Według szacunków oficerów ukraińskiego wywiadu wojskowego Rosja ma do 20% przedwojennych zapasów pocisków o wysokiej precyzji – około 550 sztuk, więc łączy je z dronami kamikaze i przetwarza pociski S-300 i S-400 do startów ziemia-ziemia. Stwierdził to przedstawiciel Głównego Zarządu Wywiadowczego Ministerstwa Obrony Wadym Skibicki w wywiad Delfi.
Spośród precyzyjnych pocisków Rosja ma „Iskandery”, są Kh-101, Kh-555. Szacuje się, że Rosja ma nie więcej niż 20% przedwojennych rezerw i tego, co zostało wyprodukowane podczas wojny. Jest to około 550 jednostek. Ich potencjał wystarczy do przeprowadzenia dwóch lub trzech zmasowanych uderzeń w ilości ponad 80 pocisków. Ostatnim uderzeniem było mniej niż 30 pocisków o wysokiej precyzji. Oznacza to, że mają niedobór, nie mają czasu na uzupełnienie arsenału.
„Poszli w drugą stronę: aby pokryć taki deficyt, używają teraz dronów kamikaze, zarówno irańskiej produkcji, jak i własnej. Rosjanie zaczęli przetwarzać pociski S-300 i S-400 i wystrzeliwać je jako pociski ziemia-ziemia. To nie jest celna broń, ale destrukcyjna” – powiedział Skibitsky.
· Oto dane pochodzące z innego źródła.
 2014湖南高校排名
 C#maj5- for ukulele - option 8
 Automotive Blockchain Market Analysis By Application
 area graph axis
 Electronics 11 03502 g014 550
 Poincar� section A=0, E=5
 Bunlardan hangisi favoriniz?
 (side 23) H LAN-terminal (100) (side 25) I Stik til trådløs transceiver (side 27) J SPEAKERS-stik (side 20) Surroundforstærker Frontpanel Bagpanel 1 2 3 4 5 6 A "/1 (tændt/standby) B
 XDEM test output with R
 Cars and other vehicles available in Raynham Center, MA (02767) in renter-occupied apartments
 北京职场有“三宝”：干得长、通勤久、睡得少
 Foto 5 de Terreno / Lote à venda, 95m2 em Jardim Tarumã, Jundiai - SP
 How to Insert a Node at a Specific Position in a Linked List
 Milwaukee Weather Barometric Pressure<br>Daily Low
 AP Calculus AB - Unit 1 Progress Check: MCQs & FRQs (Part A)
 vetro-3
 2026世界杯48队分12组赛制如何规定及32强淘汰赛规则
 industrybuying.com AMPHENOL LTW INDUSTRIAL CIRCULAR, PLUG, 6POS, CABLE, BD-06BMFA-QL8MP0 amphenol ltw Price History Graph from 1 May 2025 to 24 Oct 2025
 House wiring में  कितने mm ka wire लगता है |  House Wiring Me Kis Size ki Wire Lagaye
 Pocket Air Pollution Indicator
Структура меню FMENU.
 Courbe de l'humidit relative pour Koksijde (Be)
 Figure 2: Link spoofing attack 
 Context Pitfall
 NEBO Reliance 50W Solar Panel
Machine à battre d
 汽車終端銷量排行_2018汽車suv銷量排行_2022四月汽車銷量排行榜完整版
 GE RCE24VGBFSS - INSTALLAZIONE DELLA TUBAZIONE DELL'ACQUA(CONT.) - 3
W ten sposób Skibicki odpowiedział na pytanie, ile jeszcze pocisków pozostało w Rosji i czy możliwe jest zakończenie terroru rakietowego przeciwko ukraińskim miastom i infrastrukturze cywilnej przy pomocy zachodnich systemów obrony powietrznej.
Przypuszczalnie przedstawiciel Dyrekcji Wywiadu miał na myśli, że z 550 precyzyjnych pocisków Federacja Rosyjska nadal musi utrzymywać nienaruszalne zapasy, więc możemy mówić o dwóch lub trzech zmasowanych atakach rakietowych.